» ENTRIES PROVIDED
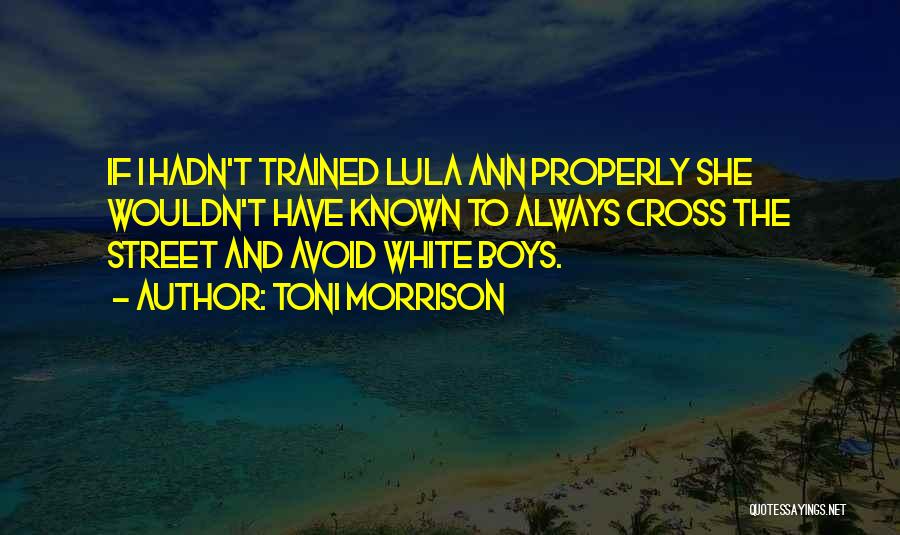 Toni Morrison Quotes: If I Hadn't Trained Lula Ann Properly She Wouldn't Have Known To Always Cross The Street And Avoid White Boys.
---
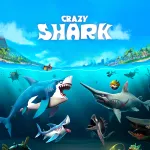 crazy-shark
* * *
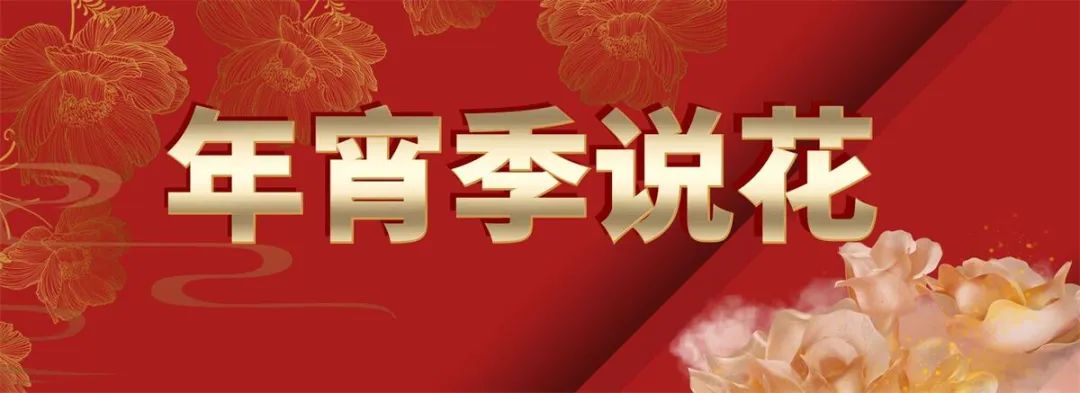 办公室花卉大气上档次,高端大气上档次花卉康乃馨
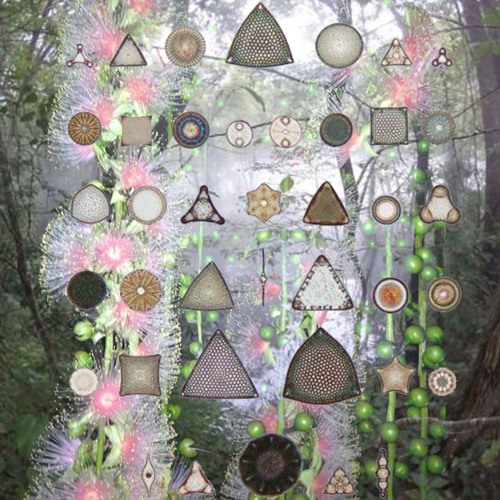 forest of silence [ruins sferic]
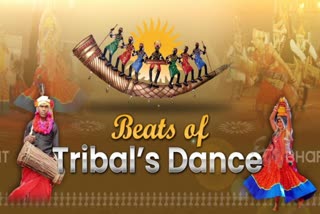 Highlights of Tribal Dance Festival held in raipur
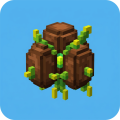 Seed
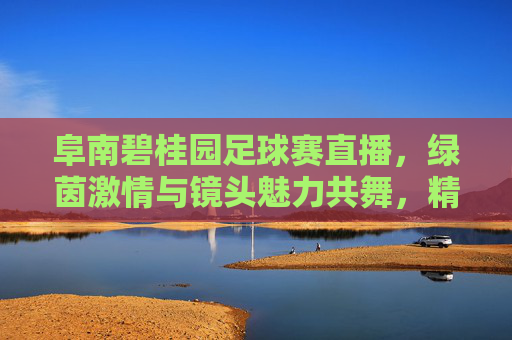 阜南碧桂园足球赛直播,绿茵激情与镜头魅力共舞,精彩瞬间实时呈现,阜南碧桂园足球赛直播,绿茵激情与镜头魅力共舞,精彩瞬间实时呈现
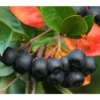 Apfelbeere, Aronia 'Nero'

» PROBLEM DESCRIPTION
Using the data above, transcribe exactly the lines between those containing "阜南碧桂园足球赛直播,绿茵激情与镜头魅力共舞,精彩瞬间实时呈现,阜南碧桂园足球赛直播,绿茵激情与镜头魅力共舞,精彩瞬间实时呈现" and "Apfelbeere, Aronia 'Nero'", inclusive, and leave every picture behind.

» TASK RESULT
 阜南碧桂园足球赛直播,绿茵激情与镜头魅力共舞,精彩瞬间实时呈现,阜南碧桂园足球赛直播,绿茵激情与镜头魅力共舞,精彩瞬间实时呈现
 Apfelbeere, Aronia 'Nero'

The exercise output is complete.